▶ **Extracted data**
────────────────

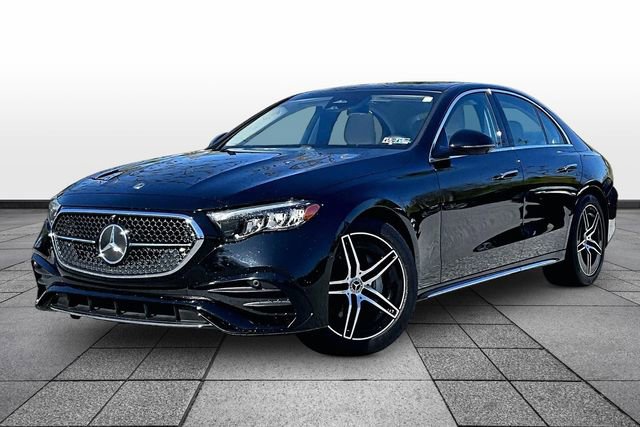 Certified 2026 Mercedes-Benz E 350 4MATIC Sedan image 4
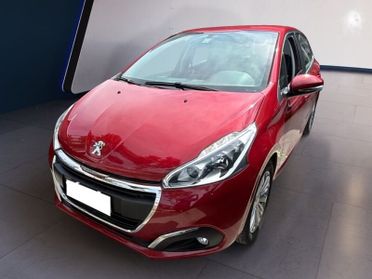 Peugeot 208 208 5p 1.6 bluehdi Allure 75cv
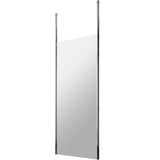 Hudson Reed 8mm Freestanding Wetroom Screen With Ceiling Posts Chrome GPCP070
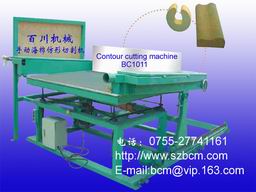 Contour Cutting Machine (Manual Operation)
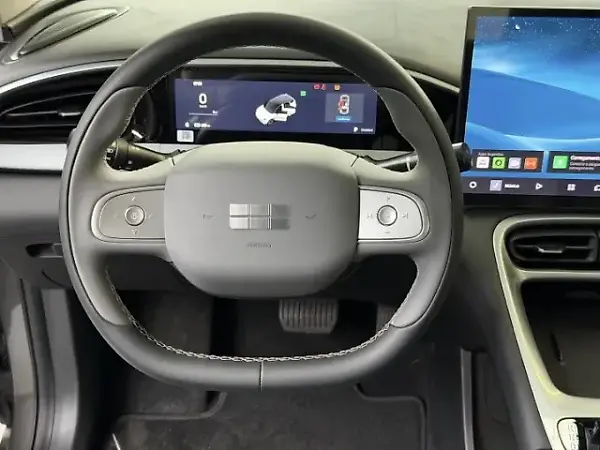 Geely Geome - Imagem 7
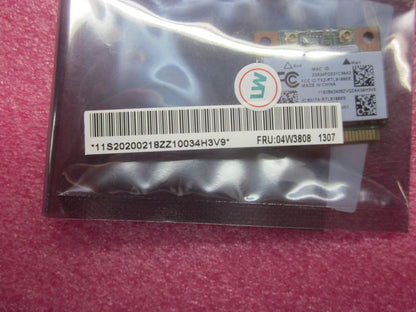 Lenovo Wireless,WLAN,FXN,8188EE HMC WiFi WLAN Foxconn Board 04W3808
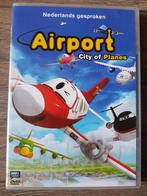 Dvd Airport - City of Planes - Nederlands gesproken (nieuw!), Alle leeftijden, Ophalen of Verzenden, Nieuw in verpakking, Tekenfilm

────────────────

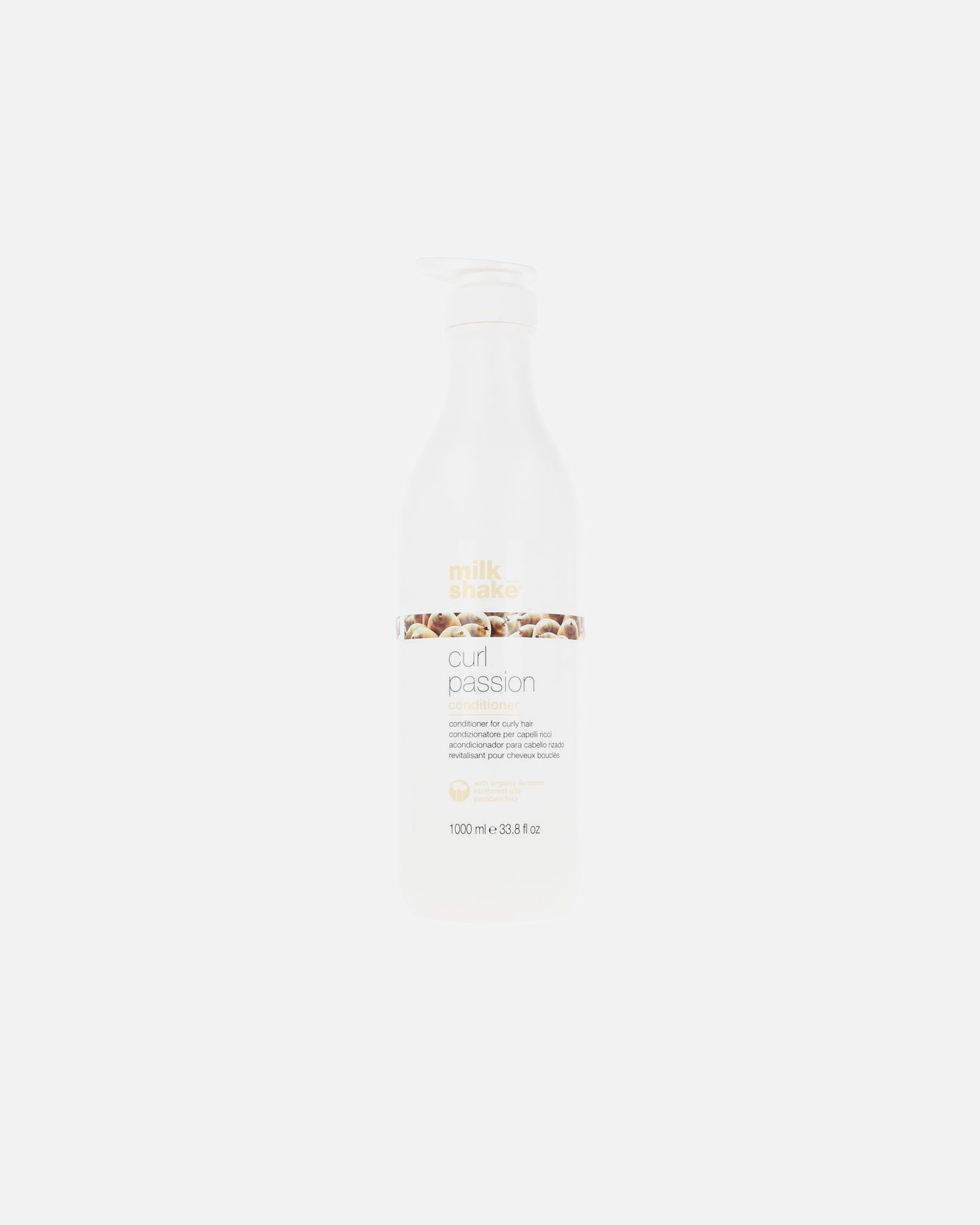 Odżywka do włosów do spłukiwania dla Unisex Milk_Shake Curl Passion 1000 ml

────────────────

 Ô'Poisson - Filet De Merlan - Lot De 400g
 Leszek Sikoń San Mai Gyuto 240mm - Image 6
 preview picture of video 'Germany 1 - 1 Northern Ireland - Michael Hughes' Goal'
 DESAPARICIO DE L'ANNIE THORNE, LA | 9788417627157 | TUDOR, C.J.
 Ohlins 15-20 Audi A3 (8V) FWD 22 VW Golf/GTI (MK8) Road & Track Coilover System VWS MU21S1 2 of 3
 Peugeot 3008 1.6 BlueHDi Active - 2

────────────────

▶ **Task instructions**
Copy nothing but the lines above that run from the one with "Certified 2026 Mercedes-Benz" to the one with "Dvd Airport - City", ends included; pictures stay out.

▶ **Output below**
 Certified 2026 Mercedes-Benz E 350 4MATIC Sedan image 4
 Peugeot 208 208 5p 1.6 bluehdi Allure 75cv
 Hudson Reed 8mm Freestanding Wetroom Screen With Ceiling Posts Chrome GPCP070
 Contour Cutting Machine (Manual Operation)
 Geely Geome - Imagem 7
 Lenovo Wireless,WLAN,FXN,8188EE HMC WiFi WLAN Foxconn Board 04W3808
 Dvd Airport - City of Planes - Nederlands gesproken (nieuw!), Alle leeftijden, Ophalen of Verzenden, Nieuw in verpakking, Tekenfilm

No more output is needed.